On Thursday lunchtime, STEP BeNeLux held a Lunch & Learn meeting at the Cercle Munster in Luxembourg-Grund, with James O’Neal guest speaker on the topic of Luxembourg Tax Planning in the New BEPS World.
James O’Neal was introduced by STEP BeNeLux committee member Paolo Panico as an American tax lawyer and Tax Principal at AMMC Law, and explained the concept of BEPS as Base Erosion and Profit Shifting, with the presentation focusing on the impact of recent trends at OECD, G20, and EU levels regarding anti-tax avoidance initiatives on Luxembourg tax planning.
James O’Neal has been based in the Grand Duchy for 11 years working in the domain of international taxation and has advised Fortune 500 companies, start-ups, and institutional investors on a broad range of Luxembourg tax planning solutions.
The presentation was focused towards those working in the tax domain in Luxembourg; he explained that tax law is covered comprehesively in the media nowadays. He initially put things in context by showing a diagram of the US national debt which he described as a “tsunami of red ink” illustrating the massive government debt which puts pressure on tax revenues. World government debt has increased by 15% over the past two years and is increasing at double the rate of growth, with developed countries (US, Europe, Japan) being most guilty. The BRIC countries are being much more prudent.
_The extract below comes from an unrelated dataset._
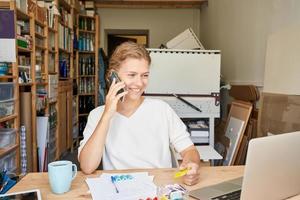 junger weiblicher Unternehmerdesigner, der am Handy spricht und auf Laptop schaut und lächelt foto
Governments can increase taxes such as corporate, individual and consumption taxes, as well as going after tax cheats. Countries are moving towards automatic transparency instead of negotiating multiple bilateral treaties, and are also trying to get multinational corporations to “pay their fair share” of taxes, but how countries will agreen on a global common approach is unsure.
He referenced Google’s tax structure which used a non-resident Irish company structure to ensure they hardly paid any taxes, through entities in The Netherlands and Bermuda. while the profit for such comapnies was significant, and the local economies benifitted, the state tax returns did not reflect this growth.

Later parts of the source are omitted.